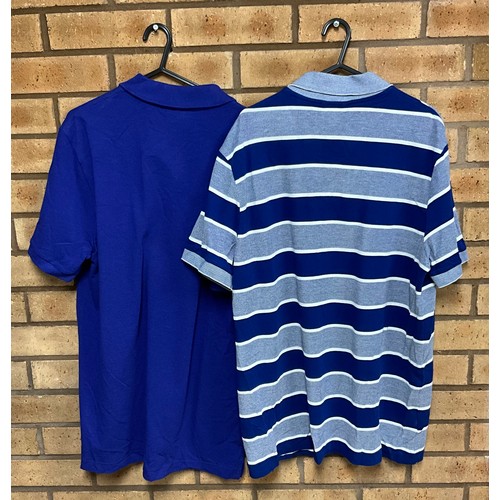 37 - 2 X NEW LACOSTE POLO SHIRT SIZE LARGE RRP £160 - (Royal Blue & Blue Stripe) ( P20197812 /C )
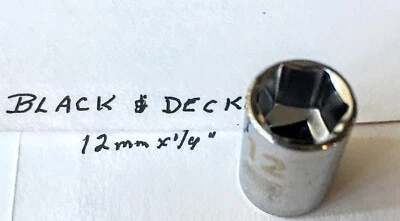 Black & Decker  12 mm x 1/4"  Dr Standard Socket 6 Point Free USA Shipping - Image 1 of 3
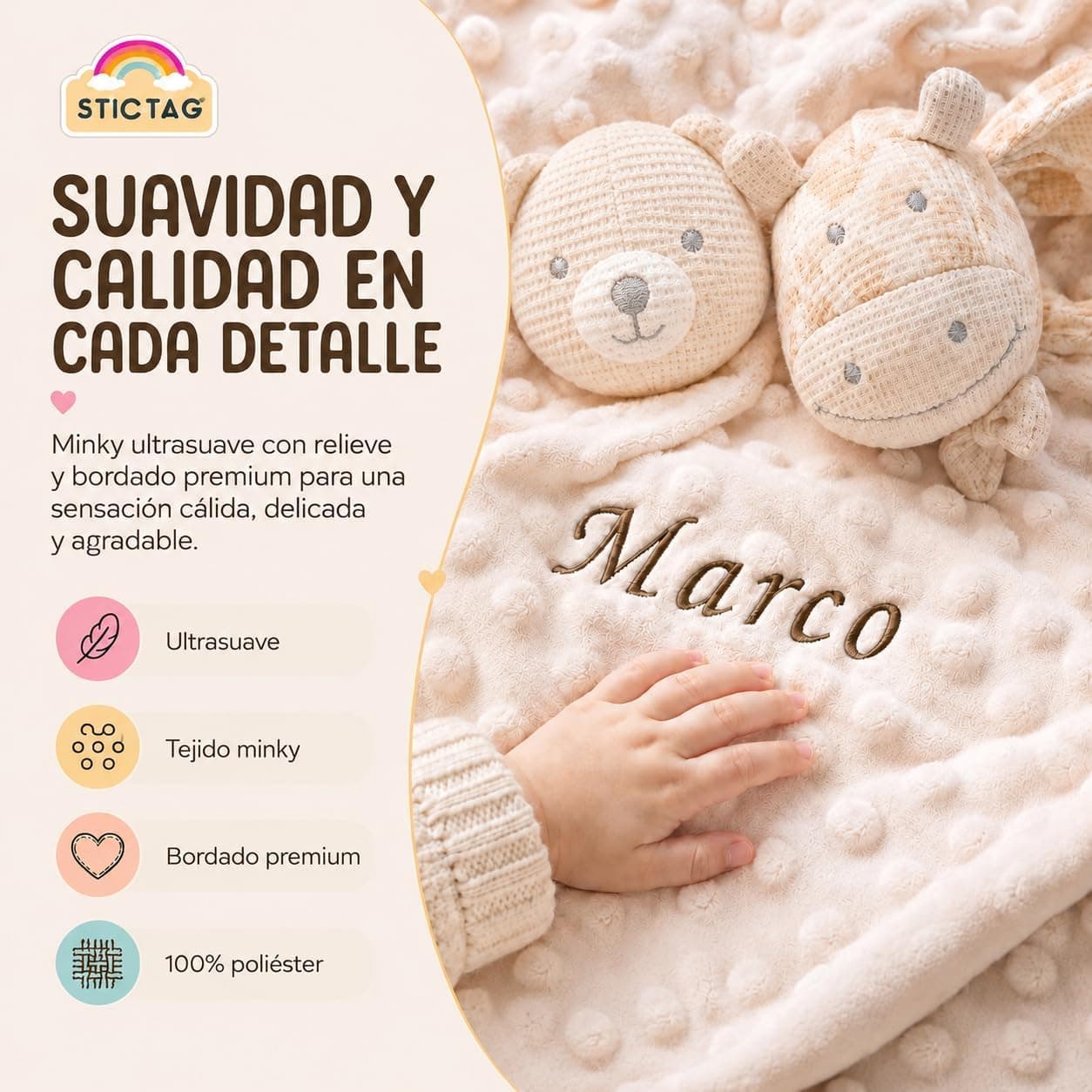 Pack de manta y doudou personalizados para bebé, de SticTag, foto 2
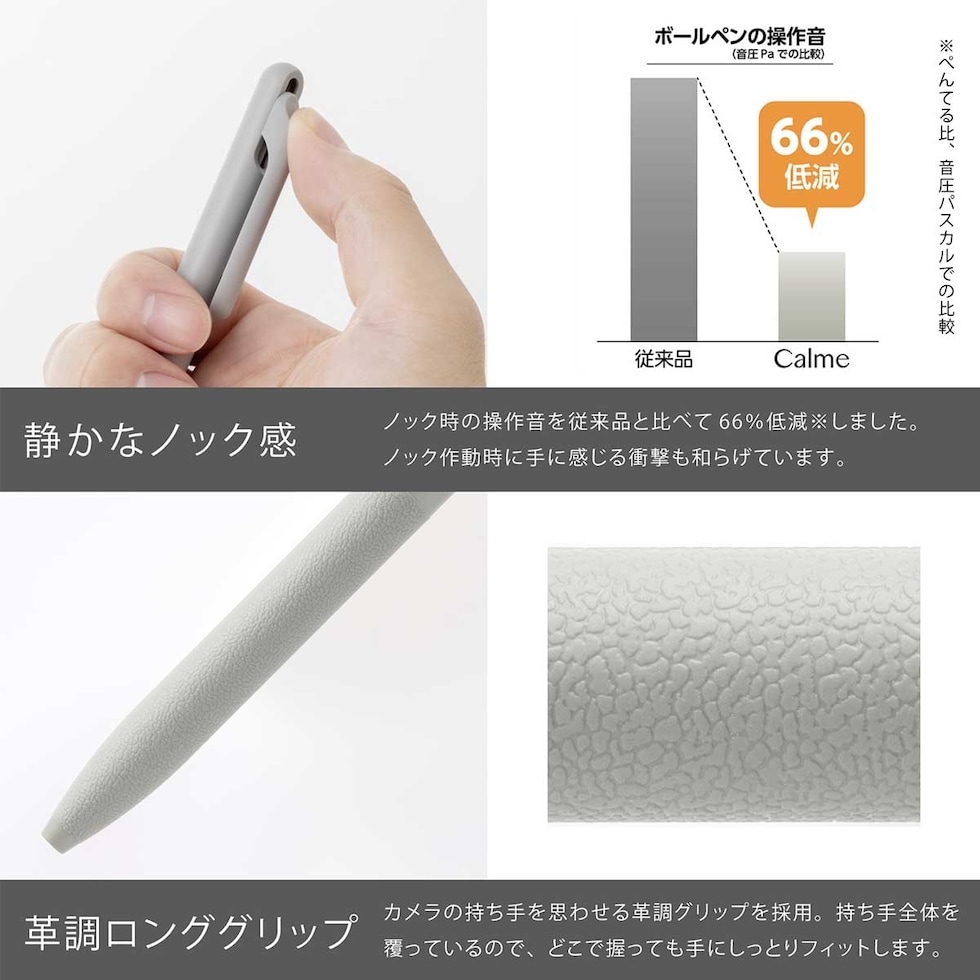 ぺんてる カルム Calme 単色ボールペン 0.35mm グレー軸 黒 (BXA103N-A)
· · · · · · ·
● **About this task**: Output all the material exactly. The pictures are to be left out.

● **Solution for this problem**:
 37 - 2 X NEW LACOSTE POLO SHIRT SIZE LARGE RRP £160 - (Royal Blue & Blue Stripe) ( P20197812 /C )
 Black & Decker  12 mm x 1/4"  Dr Standard Socket 6 Point Free USA Shipping - Image 1 of 3
 Pack de manta y doudou personalizados para bebé, de SticTag, foto 2
 ぺんてる カルム Calme 単色ボールペン 0.35mm グレー軸 黒 (BXA103N-A)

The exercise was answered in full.